The argument that this appears to be what is happening and that large format digital cameras will eventually cease to be economically viable and become dinosaurs, is another issue.
I am merely concentrating on the inherent potential of two hypothetical formats that differ greatly in size. In relation to
that argument you are making some controversial statements, the logic of which I find difficult to follow.
Let's get down to some more examples using simple maths. Compare two sensors of equal pixel density but the smaller sensor has 1 micron photosites and the larger sensor has 10 micron photosites. The smaller camera has an f1 to f4 lens. The bigger camera has an f4 to f32 lens. DoF at f1 on the smaller camera is equal to DoF at f10 on the bigger camera. Both sensors have eliminated all dark noise. Photon noise is the only noise.
What you are proposing, if I've understood you, is that we could completely sacrifice the speed advantage of an f1 lens by using the same exposure duration that the larger camera would use at f10. As soon as a photosite is full, the charge is read, transferred, dumped (whatever) but essentially noted. The fact that pixel #1124 was filled 200 times during a 1/100th sec exposure and pixel #13 only once, is recorded and used to construct an image with full dynamic range.
This is a great idea, but suppose the larger camera adopts the same technique?

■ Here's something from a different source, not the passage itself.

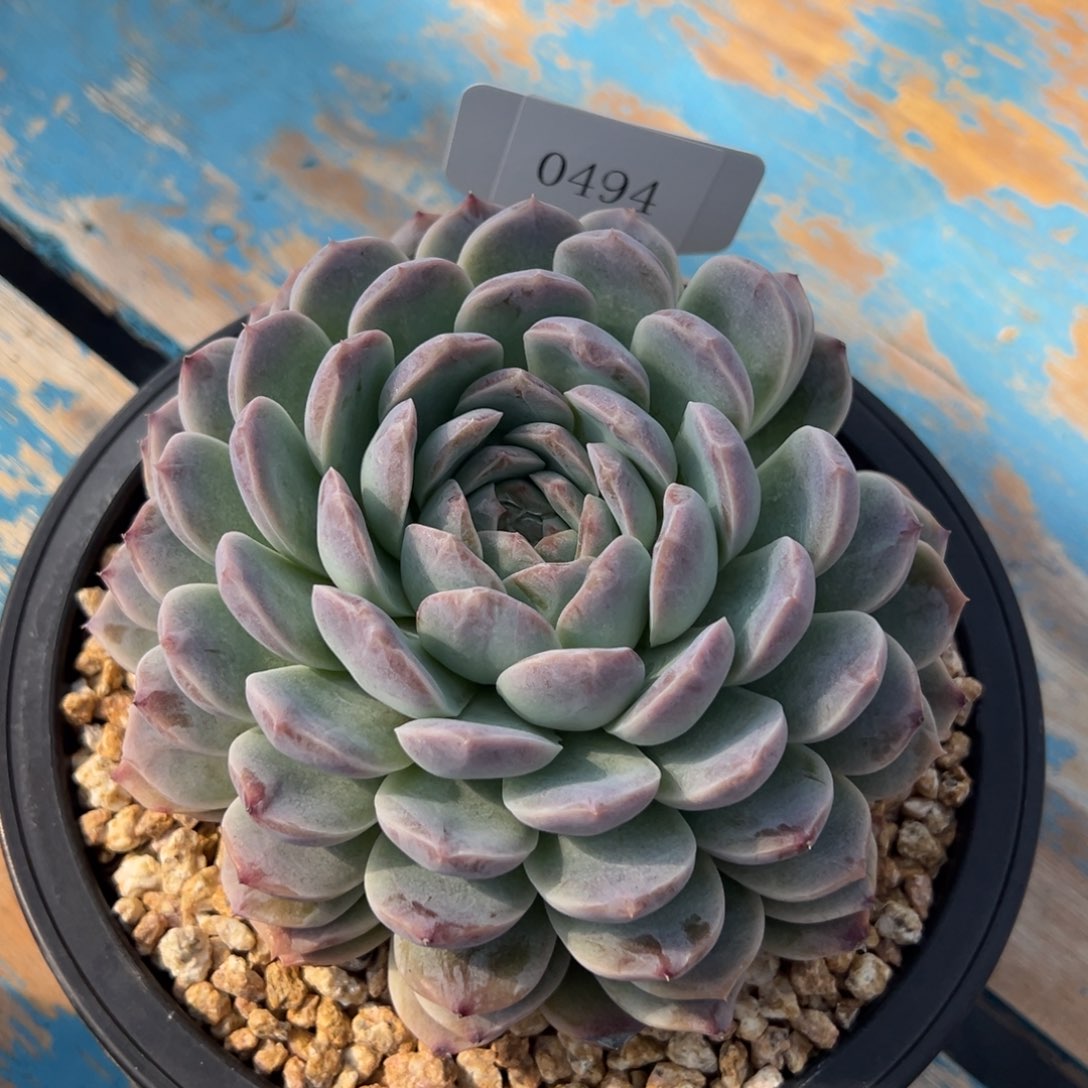 米*丫0494多肉多的多多多多多多多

Here are what I think the issues are.
(1) Nothing happens instaneously (except perhaps in fictitious quantum computers using qantum entanglement). In practice, if we want to get that photosite #13 to fill just once (representing the darkest part of the image) it is going to take a somewhat longer exposure than the larger camera would use at f10. This effectively means the smaller camera would have optimal performance at say ISO 64 as opposed to ISO 100 for the larger camera. So already the larger camera has a speed advantage at equivalent DoF before we've even applied this amazing technology; the opposite of what we're used to.
(2) But the big issue is the significance of the far lower S/N of the bigger sensor. To refresh, 1000 electrons at full well have 33 electrons of photonic noise. 100,000 electrons have only 317 electrons of photonic noise.

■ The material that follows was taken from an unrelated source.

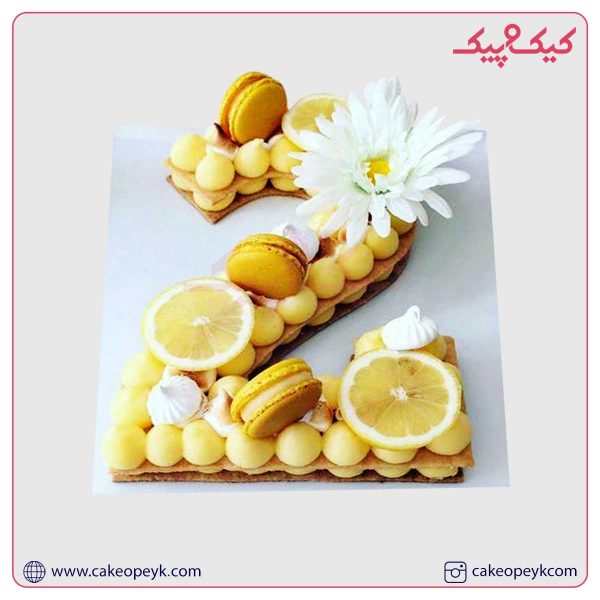 بیسکوکیک عدد 2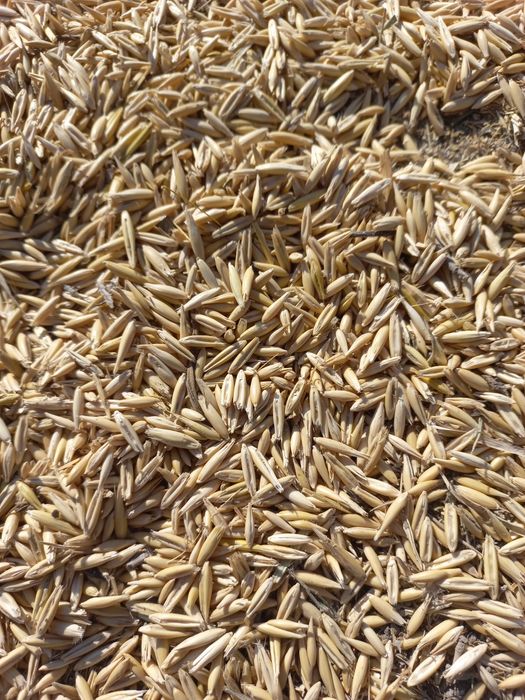 Продам зерна .Овёс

If we employ this same technique with the larger camera,
we don't need to wait until the well is full. For the same Signal-to-Noise, we can set the camera to transfer the charge (or note the charge) when the well reaches 10,000 electrons (1/10th full well). This effectively means we get the same DR performance of the smaller camera,
but at a yet higher ISO setting.
And we haven't even begun to consider the benefits of those diffraction limited F4 lenses on the bigger camera, which I surmise would be ideal for noise-free hand-held shots at ISO 128,000 (or even higher) in the Vatican Museum .
Let's face it, BJL, these tiny digicams, however sophisticated, are just toys for the consumer mass market .

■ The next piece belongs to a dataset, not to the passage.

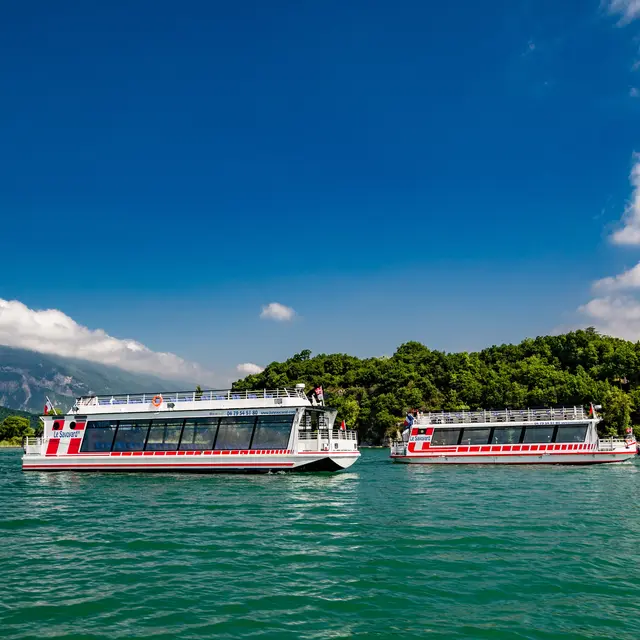 les savoyards sous Châtillon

Note, I'm jumping in here a second time to correct my maths. Such gross errors are intolerable (no calculator at hand). I figure 33:1000 is equivalent to 317:10,000. The bigger well, 100x the area, needs to be only 1/10th full to match the S/N of the smaller well; ie. we can get the same results at f10 using
less than 1/10th the exposure, combining points (1) and (2).
It can be seen if we start using F4 on the larger camera, the ISO benefits (shutter speed) are enormous.